In the face of corporate scandals such as the Steinhoff accounting irregularities, Tiger Brands’ listeriosis crisis and Enron just to name a few, it has become clear that big corporation’s modus operandi of shareholder supremacy is potentially having dire effects on public sentiment. In a world where shareholders rule, directors manage organisations for the purpose of maximising shareholders’ benefit to the full extent. According to Warren Green, a Governance, Risk and Compliance expert at CURA Software Solutions, there needs to be a shift in corporate ideology from shareholder supremacy to stakeholder supremacy – a shift that reimagines the purpose of the organisation in society and what these organisations owe, not only to their employees, but to the consumers and communities within which they operate – the people who create the firm’s value in the first place.
Green states that shareholder supremacy positions shareholders as the organisation’s only subject, which means shareholders’ interests always take priority over other constituents’ benefits, unless, of course, corporate social responsibility is in the director’s best interests. “I believe that corporations should have a social commitment as well as a profit-making function. Truly successful values-based leadership is not limited to a single person; in fact, what is required is an organisation with empathetic leaders.

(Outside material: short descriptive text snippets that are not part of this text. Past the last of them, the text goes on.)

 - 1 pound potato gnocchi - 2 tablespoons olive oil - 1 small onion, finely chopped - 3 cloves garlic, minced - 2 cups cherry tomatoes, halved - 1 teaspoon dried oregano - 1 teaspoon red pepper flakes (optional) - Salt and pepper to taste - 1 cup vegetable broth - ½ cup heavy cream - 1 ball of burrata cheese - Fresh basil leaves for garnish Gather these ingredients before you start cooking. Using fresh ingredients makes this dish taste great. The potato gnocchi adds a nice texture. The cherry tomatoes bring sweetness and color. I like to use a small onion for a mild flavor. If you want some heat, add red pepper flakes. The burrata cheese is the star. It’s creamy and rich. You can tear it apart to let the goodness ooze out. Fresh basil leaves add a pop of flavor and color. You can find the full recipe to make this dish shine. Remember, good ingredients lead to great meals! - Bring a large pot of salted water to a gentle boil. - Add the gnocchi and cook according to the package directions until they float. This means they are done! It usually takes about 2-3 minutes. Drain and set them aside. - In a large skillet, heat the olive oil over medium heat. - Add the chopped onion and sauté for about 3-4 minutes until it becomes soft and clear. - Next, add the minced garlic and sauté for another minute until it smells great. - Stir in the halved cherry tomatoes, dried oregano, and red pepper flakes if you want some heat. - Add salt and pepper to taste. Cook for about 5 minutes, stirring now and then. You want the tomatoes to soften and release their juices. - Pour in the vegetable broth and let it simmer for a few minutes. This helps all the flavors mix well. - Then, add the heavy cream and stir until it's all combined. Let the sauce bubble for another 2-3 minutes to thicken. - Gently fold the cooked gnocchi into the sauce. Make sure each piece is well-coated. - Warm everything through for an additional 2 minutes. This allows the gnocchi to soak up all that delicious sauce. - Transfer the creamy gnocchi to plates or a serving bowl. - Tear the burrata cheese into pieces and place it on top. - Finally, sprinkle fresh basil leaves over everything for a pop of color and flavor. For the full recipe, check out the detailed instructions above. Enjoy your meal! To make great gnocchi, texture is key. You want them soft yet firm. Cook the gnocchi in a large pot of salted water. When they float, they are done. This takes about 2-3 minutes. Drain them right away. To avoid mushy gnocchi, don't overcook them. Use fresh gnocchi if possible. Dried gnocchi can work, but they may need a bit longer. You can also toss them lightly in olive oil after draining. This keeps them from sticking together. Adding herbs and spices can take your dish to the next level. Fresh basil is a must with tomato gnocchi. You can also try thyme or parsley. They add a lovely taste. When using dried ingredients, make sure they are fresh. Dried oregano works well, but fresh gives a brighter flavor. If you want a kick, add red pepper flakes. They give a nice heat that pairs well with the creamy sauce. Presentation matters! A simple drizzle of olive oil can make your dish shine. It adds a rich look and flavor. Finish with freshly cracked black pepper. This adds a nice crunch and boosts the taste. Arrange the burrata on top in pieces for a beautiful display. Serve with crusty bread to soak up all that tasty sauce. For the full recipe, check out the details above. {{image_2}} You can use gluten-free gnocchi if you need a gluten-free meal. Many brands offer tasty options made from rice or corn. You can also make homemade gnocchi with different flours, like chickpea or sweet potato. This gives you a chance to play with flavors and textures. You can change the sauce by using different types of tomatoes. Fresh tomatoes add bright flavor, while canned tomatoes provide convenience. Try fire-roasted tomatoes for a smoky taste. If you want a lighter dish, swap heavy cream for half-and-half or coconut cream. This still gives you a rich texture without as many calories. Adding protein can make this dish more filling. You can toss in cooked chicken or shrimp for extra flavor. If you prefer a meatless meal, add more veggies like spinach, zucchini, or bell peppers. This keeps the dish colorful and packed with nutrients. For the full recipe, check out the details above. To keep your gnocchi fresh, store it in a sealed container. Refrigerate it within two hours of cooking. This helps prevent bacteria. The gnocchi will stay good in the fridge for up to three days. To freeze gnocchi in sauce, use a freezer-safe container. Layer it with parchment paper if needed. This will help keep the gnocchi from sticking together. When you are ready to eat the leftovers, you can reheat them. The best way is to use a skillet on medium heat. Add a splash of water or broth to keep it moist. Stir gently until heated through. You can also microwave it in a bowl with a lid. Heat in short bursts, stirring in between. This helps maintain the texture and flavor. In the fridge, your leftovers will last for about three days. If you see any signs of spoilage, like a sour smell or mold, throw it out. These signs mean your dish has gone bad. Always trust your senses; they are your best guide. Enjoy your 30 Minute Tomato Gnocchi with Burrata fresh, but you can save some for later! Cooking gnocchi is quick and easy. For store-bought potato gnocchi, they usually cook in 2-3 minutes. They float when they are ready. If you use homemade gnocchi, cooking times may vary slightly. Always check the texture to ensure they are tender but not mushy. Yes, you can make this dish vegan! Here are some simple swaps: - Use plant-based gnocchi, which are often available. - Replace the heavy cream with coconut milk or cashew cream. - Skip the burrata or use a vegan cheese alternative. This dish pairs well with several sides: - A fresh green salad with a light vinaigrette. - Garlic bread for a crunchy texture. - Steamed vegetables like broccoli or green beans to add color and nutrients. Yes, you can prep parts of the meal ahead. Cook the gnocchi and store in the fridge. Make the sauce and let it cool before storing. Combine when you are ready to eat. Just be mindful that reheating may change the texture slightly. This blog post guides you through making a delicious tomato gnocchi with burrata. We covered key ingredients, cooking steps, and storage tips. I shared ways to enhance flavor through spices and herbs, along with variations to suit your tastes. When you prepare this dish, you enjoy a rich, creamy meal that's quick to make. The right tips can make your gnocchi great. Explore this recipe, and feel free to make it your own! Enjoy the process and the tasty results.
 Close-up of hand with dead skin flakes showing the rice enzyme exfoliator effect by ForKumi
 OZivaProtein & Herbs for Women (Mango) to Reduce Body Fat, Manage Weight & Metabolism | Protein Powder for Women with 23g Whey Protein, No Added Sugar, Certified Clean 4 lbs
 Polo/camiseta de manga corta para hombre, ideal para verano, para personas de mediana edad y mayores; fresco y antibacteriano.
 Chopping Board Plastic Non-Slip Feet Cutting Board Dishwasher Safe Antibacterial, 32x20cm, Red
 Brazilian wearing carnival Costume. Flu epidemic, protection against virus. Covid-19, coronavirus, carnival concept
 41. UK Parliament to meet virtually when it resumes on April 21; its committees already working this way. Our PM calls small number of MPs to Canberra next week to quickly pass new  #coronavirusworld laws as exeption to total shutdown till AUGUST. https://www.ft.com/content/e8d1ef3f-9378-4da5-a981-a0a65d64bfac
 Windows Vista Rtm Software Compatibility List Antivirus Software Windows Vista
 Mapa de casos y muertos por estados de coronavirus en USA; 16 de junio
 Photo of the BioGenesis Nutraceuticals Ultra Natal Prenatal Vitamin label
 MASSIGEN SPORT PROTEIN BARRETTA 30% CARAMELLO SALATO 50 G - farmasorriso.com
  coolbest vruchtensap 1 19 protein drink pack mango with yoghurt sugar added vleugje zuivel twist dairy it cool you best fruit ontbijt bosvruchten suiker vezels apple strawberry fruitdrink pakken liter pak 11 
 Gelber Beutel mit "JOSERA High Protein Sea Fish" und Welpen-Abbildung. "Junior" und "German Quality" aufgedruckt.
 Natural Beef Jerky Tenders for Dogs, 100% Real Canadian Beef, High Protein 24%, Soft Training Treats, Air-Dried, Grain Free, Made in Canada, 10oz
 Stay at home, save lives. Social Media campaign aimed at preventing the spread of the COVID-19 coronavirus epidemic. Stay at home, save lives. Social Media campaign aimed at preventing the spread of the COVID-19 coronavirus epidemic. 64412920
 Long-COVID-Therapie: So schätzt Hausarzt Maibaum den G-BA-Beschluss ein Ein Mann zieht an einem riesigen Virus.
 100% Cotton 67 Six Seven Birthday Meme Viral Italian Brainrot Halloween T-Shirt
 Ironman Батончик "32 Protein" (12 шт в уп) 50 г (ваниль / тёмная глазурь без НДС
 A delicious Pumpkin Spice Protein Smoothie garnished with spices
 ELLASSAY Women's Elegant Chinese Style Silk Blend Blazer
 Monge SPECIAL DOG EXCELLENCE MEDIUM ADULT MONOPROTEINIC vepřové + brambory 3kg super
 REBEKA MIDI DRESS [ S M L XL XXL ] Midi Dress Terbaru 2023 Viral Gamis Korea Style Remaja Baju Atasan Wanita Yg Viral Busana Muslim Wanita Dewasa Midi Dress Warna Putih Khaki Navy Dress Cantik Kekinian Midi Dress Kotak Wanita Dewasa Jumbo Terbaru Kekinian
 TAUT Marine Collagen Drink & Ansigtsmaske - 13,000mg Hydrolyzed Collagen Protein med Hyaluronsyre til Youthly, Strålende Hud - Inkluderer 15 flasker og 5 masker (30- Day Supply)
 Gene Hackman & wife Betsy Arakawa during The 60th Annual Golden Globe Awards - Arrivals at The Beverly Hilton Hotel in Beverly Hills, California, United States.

If companies continue to exclude other stakeholders from their decision-making processes on an executive level, they will ultimately risk falling from grace at some stage.”
While consumers and the general community take a back seat to shareholder supremacy, it also may create disadvantages for the organisations themselves. For instance, corporate decisions and strategy may transition into reaching short-term goals, which may result in hasty decision-making and decisions characterised by short-term incentives and bonuses to meet certain targets, as seen with Steinhoff.
Green concludes that it is high time for business leaders to move away from their target of short-term shareholder gain and look towards long-term organisational sustainability. “Stakeholders will no longer invest in corporations which are out of touch with societal needs, and disregard the cost of externalities, social compliance and its responsibility for any negative impact on society. Companies need to realise that they cannot endear themselves to the public when in single-minded pursuit of maximising shareholder wealth.”